TASK DIRECTIONS
Print the lines in the listing below that fall between the line with "2024 Chrysler Pacifica Hybrid Pinnacle 3" and the line with "tanushree dutta spotted in mumbai 1", those two lines included, exactly as they stand and with nothing else.

============

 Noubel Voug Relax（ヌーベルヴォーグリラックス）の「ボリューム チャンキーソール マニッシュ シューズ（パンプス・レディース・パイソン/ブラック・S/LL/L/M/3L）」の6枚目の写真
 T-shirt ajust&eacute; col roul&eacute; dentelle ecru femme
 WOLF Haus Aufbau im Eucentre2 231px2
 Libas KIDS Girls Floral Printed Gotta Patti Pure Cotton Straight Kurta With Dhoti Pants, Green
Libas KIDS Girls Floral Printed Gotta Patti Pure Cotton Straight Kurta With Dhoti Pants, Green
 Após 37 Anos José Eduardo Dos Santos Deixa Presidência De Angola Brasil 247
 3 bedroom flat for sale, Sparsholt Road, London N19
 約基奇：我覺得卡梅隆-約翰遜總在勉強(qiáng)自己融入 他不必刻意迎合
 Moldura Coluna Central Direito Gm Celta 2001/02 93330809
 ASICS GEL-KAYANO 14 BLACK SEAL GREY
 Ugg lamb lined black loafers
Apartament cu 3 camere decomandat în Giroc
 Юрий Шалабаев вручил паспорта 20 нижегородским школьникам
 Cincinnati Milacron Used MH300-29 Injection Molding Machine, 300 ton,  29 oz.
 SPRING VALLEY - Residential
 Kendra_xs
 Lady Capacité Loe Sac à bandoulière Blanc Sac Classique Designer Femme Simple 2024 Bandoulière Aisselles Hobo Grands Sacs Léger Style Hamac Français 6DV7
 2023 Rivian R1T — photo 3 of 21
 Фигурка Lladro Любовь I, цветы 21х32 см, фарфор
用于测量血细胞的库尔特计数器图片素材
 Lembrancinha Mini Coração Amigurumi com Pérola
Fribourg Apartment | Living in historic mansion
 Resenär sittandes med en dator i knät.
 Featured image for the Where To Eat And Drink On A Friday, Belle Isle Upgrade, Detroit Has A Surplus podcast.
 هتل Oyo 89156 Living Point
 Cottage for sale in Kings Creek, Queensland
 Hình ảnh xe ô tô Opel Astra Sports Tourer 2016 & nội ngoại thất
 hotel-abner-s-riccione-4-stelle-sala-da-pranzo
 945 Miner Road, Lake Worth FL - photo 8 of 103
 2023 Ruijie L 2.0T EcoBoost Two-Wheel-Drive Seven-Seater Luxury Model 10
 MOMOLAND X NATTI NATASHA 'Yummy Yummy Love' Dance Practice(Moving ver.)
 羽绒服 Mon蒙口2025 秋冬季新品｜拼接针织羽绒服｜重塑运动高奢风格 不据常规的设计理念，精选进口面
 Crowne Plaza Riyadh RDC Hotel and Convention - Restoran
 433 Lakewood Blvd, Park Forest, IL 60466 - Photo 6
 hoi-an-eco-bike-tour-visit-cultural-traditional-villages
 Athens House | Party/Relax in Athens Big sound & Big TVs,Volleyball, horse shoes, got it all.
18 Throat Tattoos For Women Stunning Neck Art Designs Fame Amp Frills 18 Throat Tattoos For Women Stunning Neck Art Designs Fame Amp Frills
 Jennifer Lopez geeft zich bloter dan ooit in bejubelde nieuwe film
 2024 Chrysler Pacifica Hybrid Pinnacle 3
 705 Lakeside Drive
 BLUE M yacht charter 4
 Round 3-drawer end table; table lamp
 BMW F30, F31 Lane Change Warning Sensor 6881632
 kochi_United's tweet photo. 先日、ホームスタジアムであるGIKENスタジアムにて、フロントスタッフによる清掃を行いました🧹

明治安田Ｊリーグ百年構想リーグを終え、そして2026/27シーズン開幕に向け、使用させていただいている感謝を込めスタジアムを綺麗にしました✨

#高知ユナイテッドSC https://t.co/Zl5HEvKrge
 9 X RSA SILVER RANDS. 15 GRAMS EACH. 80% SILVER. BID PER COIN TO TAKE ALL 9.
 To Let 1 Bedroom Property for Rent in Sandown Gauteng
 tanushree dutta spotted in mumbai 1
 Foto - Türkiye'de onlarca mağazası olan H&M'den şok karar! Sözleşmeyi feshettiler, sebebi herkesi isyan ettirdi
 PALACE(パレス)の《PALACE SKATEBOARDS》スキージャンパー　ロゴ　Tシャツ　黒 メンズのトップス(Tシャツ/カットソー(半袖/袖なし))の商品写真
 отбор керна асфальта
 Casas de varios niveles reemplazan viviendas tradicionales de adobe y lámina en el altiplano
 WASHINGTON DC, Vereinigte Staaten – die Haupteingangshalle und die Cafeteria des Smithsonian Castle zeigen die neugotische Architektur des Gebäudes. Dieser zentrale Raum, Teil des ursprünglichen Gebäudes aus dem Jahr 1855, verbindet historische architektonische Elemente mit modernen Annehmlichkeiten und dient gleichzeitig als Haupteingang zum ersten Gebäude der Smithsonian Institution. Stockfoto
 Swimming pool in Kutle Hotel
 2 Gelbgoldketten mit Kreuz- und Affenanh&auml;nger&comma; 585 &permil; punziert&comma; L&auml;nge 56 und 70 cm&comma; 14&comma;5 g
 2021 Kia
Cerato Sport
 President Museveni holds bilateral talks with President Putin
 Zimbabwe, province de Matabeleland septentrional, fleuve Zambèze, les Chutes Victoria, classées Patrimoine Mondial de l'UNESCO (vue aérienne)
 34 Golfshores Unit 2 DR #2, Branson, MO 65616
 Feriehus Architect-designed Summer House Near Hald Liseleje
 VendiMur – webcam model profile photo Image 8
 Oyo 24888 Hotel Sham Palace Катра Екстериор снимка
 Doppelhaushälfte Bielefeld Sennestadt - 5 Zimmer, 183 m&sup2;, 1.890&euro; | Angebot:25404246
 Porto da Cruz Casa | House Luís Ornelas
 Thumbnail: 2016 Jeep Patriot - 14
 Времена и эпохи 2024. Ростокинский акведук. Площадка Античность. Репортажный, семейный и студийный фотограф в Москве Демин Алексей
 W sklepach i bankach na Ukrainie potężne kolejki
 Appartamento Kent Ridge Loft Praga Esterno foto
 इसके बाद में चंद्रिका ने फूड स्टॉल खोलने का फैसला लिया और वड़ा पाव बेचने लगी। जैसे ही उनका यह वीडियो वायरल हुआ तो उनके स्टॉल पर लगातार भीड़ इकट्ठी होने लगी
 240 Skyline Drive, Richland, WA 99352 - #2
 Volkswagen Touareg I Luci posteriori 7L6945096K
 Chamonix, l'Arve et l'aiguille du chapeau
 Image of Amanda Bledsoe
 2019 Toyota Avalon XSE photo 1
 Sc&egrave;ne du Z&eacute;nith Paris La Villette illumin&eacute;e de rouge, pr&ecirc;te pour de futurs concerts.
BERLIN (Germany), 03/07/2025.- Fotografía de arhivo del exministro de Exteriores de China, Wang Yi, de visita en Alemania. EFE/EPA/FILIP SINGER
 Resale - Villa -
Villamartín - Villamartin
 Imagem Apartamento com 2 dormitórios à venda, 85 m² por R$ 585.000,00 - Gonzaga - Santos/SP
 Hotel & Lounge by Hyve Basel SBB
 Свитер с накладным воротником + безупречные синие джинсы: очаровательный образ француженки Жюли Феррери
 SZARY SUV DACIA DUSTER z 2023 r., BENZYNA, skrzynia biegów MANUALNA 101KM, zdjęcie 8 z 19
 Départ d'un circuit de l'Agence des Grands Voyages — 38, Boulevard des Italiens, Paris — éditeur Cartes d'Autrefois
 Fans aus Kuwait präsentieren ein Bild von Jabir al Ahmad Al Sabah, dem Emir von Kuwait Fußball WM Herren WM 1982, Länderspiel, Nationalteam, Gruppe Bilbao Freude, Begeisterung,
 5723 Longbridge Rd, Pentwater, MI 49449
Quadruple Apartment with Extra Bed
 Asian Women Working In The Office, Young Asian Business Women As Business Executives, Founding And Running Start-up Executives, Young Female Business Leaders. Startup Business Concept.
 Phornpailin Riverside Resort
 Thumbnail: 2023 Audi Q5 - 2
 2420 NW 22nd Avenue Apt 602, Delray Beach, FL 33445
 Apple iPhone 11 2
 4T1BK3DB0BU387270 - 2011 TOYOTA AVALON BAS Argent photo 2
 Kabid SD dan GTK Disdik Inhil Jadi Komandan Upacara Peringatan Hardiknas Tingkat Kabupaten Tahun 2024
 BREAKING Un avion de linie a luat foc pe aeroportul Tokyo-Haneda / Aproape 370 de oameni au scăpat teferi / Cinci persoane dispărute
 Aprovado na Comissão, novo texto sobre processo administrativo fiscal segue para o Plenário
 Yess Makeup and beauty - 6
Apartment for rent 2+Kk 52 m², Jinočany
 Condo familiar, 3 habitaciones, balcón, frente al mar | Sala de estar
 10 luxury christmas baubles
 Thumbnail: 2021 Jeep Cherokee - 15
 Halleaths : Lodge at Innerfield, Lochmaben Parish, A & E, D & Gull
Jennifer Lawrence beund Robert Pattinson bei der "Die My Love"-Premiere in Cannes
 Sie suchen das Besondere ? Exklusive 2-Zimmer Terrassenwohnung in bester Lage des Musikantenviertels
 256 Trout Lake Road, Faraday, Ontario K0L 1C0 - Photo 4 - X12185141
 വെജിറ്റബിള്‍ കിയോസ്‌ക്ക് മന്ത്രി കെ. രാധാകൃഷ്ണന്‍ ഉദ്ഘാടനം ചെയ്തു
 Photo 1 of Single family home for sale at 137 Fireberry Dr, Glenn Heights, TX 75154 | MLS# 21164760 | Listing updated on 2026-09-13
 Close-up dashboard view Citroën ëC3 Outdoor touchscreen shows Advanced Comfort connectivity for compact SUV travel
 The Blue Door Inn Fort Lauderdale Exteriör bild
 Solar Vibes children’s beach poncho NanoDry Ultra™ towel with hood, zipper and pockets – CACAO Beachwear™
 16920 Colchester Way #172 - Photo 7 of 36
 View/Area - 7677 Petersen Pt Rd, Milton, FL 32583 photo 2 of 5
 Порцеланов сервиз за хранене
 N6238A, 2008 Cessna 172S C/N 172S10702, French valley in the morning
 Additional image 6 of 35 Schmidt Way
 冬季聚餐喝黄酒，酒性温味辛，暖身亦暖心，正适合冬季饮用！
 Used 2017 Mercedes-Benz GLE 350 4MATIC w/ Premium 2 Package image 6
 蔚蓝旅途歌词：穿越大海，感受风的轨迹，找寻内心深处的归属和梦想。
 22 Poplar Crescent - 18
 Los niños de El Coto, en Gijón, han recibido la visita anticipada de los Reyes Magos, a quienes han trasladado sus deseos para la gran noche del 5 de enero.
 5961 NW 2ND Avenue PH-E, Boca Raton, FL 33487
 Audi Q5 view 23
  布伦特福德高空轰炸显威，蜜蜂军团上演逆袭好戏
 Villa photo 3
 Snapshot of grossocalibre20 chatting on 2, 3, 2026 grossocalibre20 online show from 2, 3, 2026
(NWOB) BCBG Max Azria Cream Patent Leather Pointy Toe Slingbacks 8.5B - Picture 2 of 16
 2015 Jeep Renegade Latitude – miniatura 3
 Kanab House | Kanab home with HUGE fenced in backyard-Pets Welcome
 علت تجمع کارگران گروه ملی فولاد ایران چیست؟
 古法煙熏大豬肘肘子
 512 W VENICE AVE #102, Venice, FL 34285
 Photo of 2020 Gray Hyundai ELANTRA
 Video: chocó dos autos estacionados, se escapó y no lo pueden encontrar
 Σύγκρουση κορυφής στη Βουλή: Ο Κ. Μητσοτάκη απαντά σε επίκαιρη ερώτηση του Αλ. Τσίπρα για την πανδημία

============

SOLUTION
 2024 Chrysler Pacifica Hybrid Pinnacle 3
 705 Lakeside Drive
 BLUE M yacht charter 4
 Round 3-drawer end table; table lamp
 BMW F30, F31 Lane Change Warning Sensor 6881632
 kochi_United's tweet photo. 先日、ホームスタジアムであるGIKENスタジアムにて、フロントスタッフによる清掃を行いました🧹

明治安田Ｊリーグ百年構想リーグを終え、そして2026/27シーズン開幕に向け、使用させていただいている感謝を込めスタジアムを綺麗にしました✨

#高知ユナイテッドSC https://t.co/Zl5HEvKrge
 9 X RSA SILVER RANDS. 15 GRAMS EACH. 80% SILVER. BID PER COIN TO TAKE ALL 9.
 To Let 1 Bedroom Property for Rent in Sandown Gauteng
 tanushree dutta spotted in mumbai 1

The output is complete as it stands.